• Problem details: Transcribe all the entries word for word, omitting any pictures they contain.

• Input for this task:
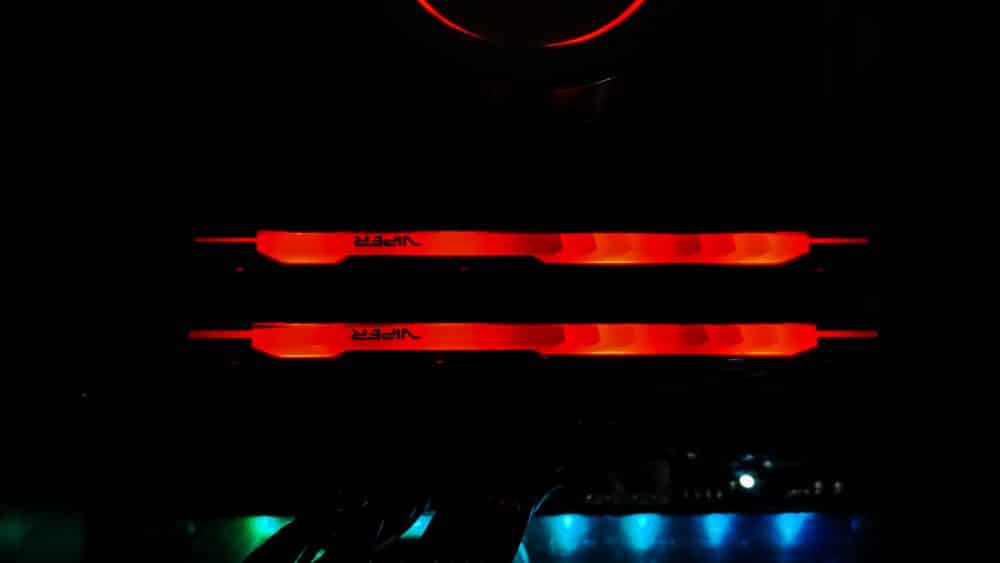 Patriot Viper LED DDR4-3000 16GB Memory Kit
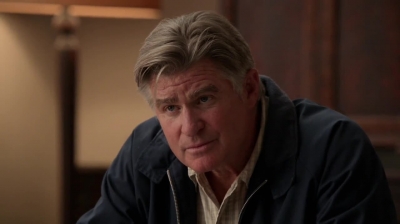 WHITE_COLLAR_-_E4X09_GLOVES_OFF_388.jpg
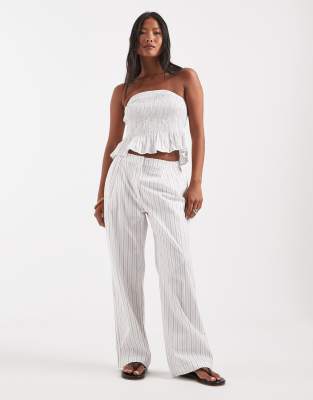 Vero Moda Petite Poplin Wide Leg Pull-on Pants In White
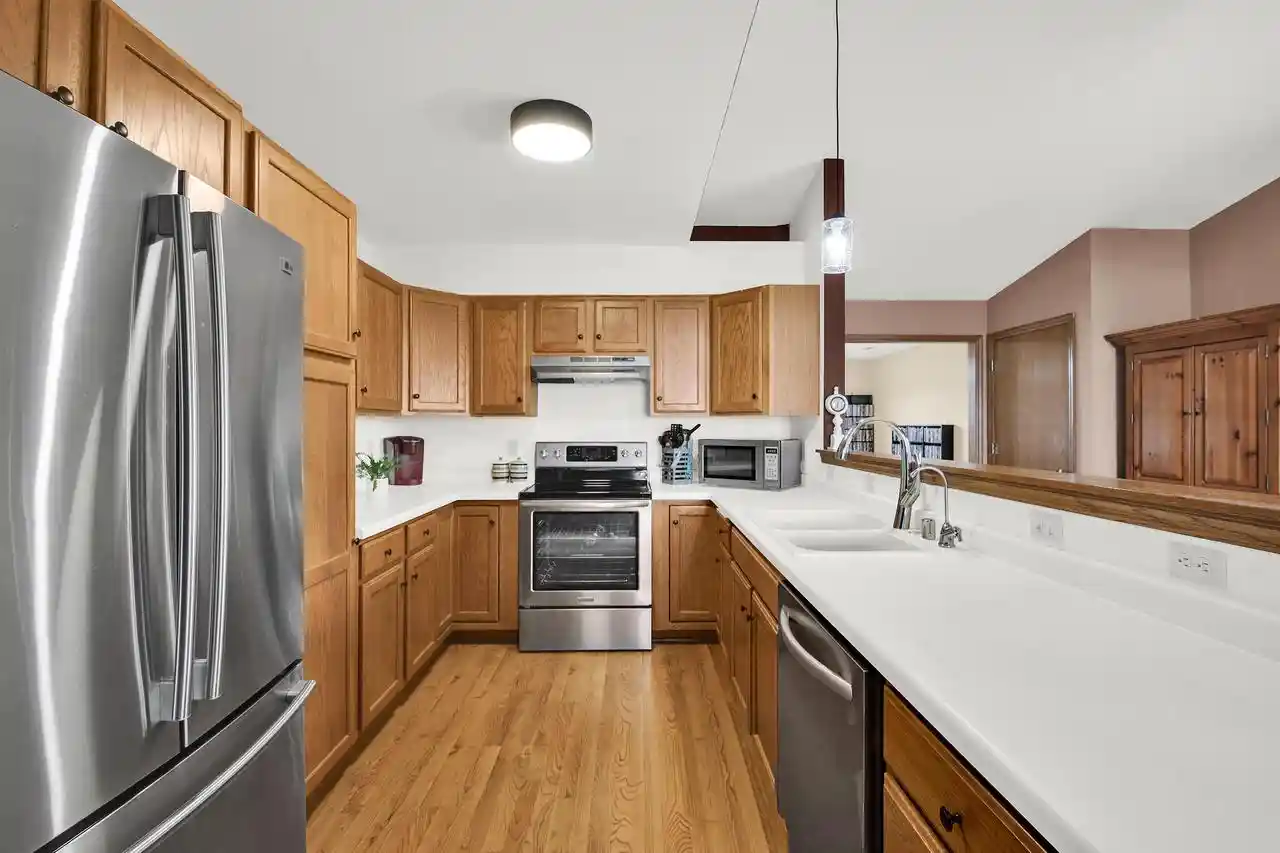 2nd image of 668 Westfield Wy, Pewaukee, WI 53072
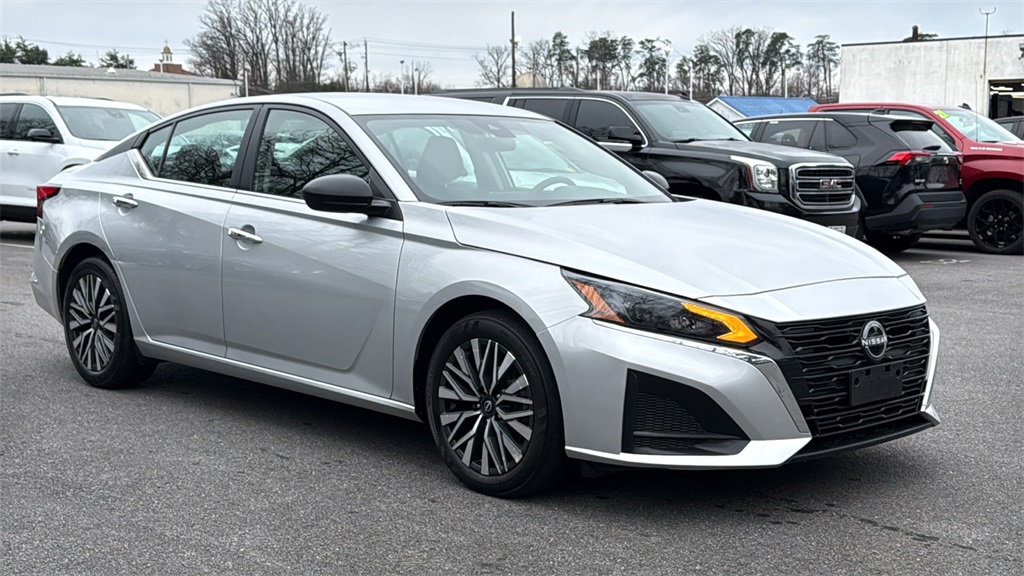 2024 Nissan Altima 2.5 SV FWD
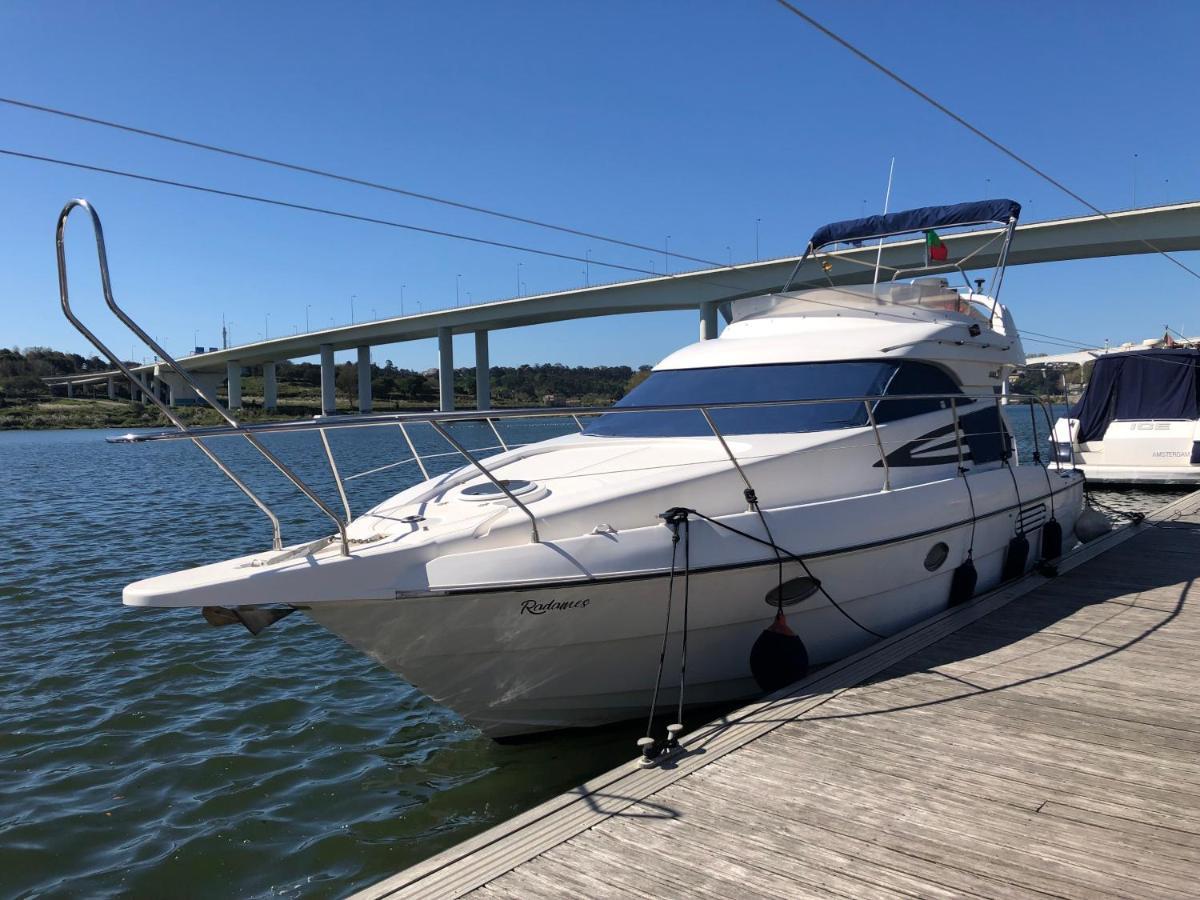 Aquadouro Yacht Radames - Sleep Boat Experience Botel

• Task output:
 Patriot Viper LED DDR4-3000 16GB Memory Kit
 WHITE_COLLAR_-_E4X09_GLOVES_OFF_388.jpg
 Vero Moda Petite Poplin Wide Leg Pull-on Pants In White
 2nd image of 668 Westfield Wy, Pewaukee, WI 53072
 2024 Nissan Altima 2.5 SV FWD
 Aquadouro Yacht Radames - Sleep Boat Experience Botel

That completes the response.